Exercise details:
Would you return every entry below without a single difference?

Record excerpts:

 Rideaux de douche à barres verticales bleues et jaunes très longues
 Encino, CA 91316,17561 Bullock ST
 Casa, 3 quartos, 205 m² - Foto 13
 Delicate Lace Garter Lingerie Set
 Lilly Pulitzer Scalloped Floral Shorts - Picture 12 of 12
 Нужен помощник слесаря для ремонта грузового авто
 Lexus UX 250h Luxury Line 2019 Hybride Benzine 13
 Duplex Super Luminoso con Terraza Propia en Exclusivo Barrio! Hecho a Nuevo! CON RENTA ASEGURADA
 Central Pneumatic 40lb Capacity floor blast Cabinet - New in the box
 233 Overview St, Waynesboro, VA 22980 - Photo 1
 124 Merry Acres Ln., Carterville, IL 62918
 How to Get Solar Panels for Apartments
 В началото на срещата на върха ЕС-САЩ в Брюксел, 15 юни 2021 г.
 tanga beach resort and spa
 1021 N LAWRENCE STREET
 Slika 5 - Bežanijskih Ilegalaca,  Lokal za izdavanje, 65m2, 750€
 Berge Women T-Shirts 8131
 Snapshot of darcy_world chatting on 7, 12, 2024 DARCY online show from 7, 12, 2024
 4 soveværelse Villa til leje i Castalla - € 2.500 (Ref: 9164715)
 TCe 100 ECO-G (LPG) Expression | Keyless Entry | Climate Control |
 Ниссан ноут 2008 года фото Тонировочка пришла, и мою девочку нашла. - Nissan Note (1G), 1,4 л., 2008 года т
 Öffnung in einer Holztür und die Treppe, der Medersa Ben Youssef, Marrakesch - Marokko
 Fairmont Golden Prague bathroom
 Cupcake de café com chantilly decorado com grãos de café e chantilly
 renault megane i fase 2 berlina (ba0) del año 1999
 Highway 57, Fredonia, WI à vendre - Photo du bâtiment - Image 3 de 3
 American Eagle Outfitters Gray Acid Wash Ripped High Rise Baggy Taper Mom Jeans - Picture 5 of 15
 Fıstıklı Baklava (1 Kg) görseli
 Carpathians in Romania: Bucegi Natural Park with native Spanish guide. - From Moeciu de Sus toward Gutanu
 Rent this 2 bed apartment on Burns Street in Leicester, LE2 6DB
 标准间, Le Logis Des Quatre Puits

Answer for this exercise:
 Rideaux de douche à barres verticales bleues et jaunes très longues
 Encino, CA 91316,17561 Bullock ST
 Casa, 3 quartos, 205 m² - Foto 13
 Delicate Lace Garter Lingerie Set
 Lilly Pulitzer Scalloped Floral Shorts - Picture 12 of 12
 Нужен помощник слесаря для ремонта грузового авто
 Lexus UX 250h Luxury Line 2019 Hybride Benzine 13
 Duplex Super Luminoso con Terraza Propia en Exclusivo Barrio! Hecho a Nuevo! CON RENTA ASEGURADA
 Central Pneumatic 40lb Capacity floor blast Cabinet - New in the box
 233 Overview St, Waynesboro, VA 22980 - Photo 1
 124 Merry Acres Ln., Carterville, IL 62918
 How to Get Solar Panels for Apartments
 В началото на срещата на върха ЕС-САЩ в Брюксел, 15 юни 2021 г.
 tanga beach resort and spa
 1021 N LAWRENCE STREET
 Slika 5 - Bežanijskih Ilegalaca,  Lokal za izdavanje, 65m2, 750€
 Berge Women T-Shirts 8131
 Snapshot of darcy_world chatting on 7, 12, 2024 DARCY online show from 7, 12, 2024
 4 soveværelse Villa til leje i Castalla - € 2.500 (Ref: 9164715)
 TCe 100 ECO-G (LPG) Expression | Keyless Entry | Climate Control |
 Ниссан ноут 2008 года фото Тонировочка пришла, и мою девочку нашла. - Nissan Note (1G), 1,4 л., 2008 года т
 Öffnung in einer Holztür und die Treppe, der Medersa Ben Youssef, Marrakesch - Marokko
 Fairmont Golden Prague bathroom
 Cupcake de café com chantilly decorado com grãos de café e chantilly
 renault megane i fase 2 berlina (ba0) del año 1999
 Highway 57, Fredonia, WI à vendre - Photo du bâtiment - Image 3 de 3
 American Eagle Outfitters Gray Acid Wash Ripped High Rise Baggy Taper Mom Jeans - Picture 5 of 15
 Fıstıklı Baklava (1 Kg) görseli
 Carpathians in Romania: Bucegi Natural Park with native Spanish guide. - From Moeciu de Sus toward Gutanu
 Rent this 2 bed apartment on Burns Street in Leicester, LE2 6DB
 标准间, Le Logis Des Quatre Puits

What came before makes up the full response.